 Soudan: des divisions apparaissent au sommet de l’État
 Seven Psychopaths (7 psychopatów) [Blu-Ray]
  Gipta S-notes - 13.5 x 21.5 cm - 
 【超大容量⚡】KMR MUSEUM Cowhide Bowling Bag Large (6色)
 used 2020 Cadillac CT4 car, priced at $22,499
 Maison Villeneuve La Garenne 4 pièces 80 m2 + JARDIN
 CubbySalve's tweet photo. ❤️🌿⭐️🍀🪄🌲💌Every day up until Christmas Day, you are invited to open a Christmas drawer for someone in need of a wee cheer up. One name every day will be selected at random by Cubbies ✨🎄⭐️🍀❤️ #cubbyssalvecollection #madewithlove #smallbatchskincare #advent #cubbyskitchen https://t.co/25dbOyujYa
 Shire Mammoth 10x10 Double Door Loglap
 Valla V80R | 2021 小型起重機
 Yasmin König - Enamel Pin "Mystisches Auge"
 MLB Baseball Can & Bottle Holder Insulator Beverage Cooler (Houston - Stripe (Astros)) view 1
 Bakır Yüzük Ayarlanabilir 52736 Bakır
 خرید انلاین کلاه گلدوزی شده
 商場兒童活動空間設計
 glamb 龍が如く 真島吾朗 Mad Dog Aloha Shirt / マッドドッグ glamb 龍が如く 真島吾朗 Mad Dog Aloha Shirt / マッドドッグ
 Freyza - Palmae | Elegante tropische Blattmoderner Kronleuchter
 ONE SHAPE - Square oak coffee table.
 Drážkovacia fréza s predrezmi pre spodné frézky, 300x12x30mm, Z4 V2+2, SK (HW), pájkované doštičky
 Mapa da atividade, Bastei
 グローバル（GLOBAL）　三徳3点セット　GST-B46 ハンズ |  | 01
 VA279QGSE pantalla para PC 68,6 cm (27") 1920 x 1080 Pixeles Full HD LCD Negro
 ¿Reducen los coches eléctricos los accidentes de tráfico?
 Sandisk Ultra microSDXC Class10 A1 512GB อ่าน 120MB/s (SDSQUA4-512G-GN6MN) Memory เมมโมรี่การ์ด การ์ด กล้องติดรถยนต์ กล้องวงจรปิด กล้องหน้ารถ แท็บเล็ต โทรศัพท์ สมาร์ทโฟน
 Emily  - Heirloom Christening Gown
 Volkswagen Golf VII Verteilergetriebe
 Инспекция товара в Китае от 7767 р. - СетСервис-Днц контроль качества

····················

- **WORK INSTRUCTIONS**
Each line above from the one with "Seven Psychopaths (7 psychopatów) [Blu-Ray]" up to and including the one with "Maison Villeneuve La" must be set down exactly, and no line outside that span may appear.

- **EXPECTED ANSWER**
 Seven Psychopaths (7 psychopatów) [Blu-Ray]
  Gipta S-notes - 13.5 x 21.5 cm - 
 【超大容量⚡】KMR MUSEUM Cowhide Bowling Bag Large (6色)
 used 2020 Cadillac CT4 car, priced at $22,499
 Maison Villeneuve La Garenne 4 pièces 80 m2 + JARDIN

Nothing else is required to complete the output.